Thursday, May 23, 2013
Terminal servers key as BYOD takes firm hold in enterprise
The bring-your-own-device movement and broader consumerization of IT trend are combining to disrupt traditional data center operations. In response, many businesses are becoming more dependent on terminal server architectures and similar solutions.
Smartphones are not called smart because they have a little brain in them or can do stuff that feature phones can't. They're called smartphones because they can connect to the web just about anywhere, turning the internet into the smartphone's brain and allowing users to do all kinds of things with their phones. Suddenly, calling a friend when you aren't anywhere near a landline, though still present, takes a backseat to being able to access social media, send emails or run applications. According to a recent ZDNet report, smartphones are already outselling feature phones and are more prominent as data use devices, not voice solutions. As a result, the data center is facing major changes.
Smartphones and the data center
The big challenge with smartphones comes from the BYOD movement. As workers become comfortable accessing apps, email, use social media, shared files and perform other operations with smartphones, they often start wondering why they can't just use these solutions for work. Before long, many people will start to act on their desires to use their phone for work, whether the IT department likes it or not. According to ZDNet, BYOD has gained so much prominence that companies are starting to expect their workers to use their personal smartphones for business. However, this means the data center has to adapt in order to secure data being sent to end users through the web and possibly stored on devices not owned by the company.
The news source explained that terminal server architectures could prove an ideal option for companies trying to support BYOD. Terminal servers make it much easier to establish virtual desktop infrastructure, allowing companies to segment the business and personal sides of employee-owned smartphones. As a result, a business can control company-owned data without interfering with employee privacy by deleting or altering their personal data.

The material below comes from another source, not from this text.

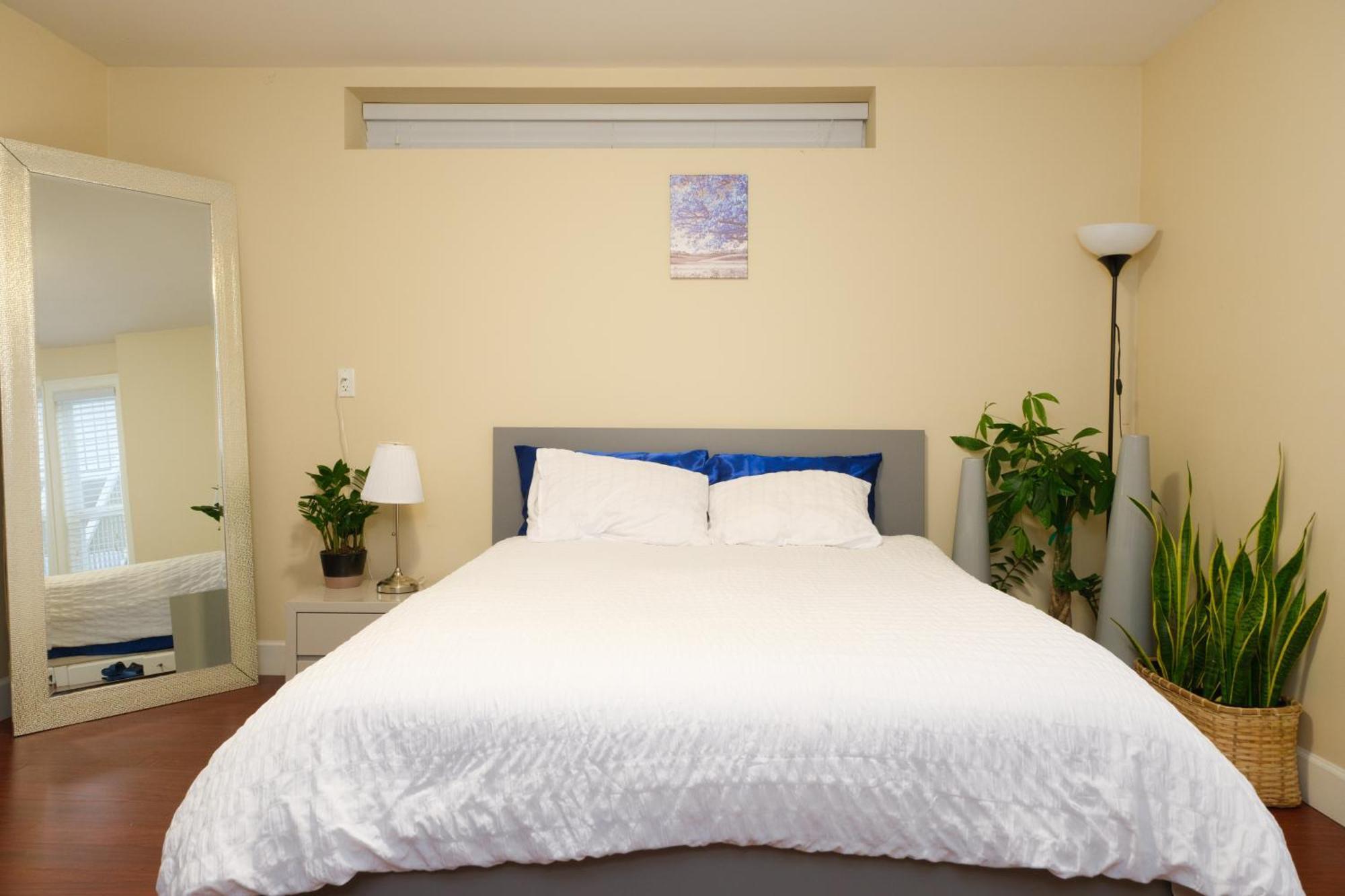 Cambie & 61St Ave Homestay Vancouver Eksteriør bilde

Considering the sweeping impact of BYOD
The mobile revolution could also have a major affect on the network. Many experts agree that more mobile backhaul and even wireless backbone infrastructure will be needed to support mobile devices as they gain popularity. This could lead to innovative fiber-optic network deployments and a growing market for fiber to Ethernet media converters as people increasingly expect to connect to the web for data-intensive applications just about anywhere.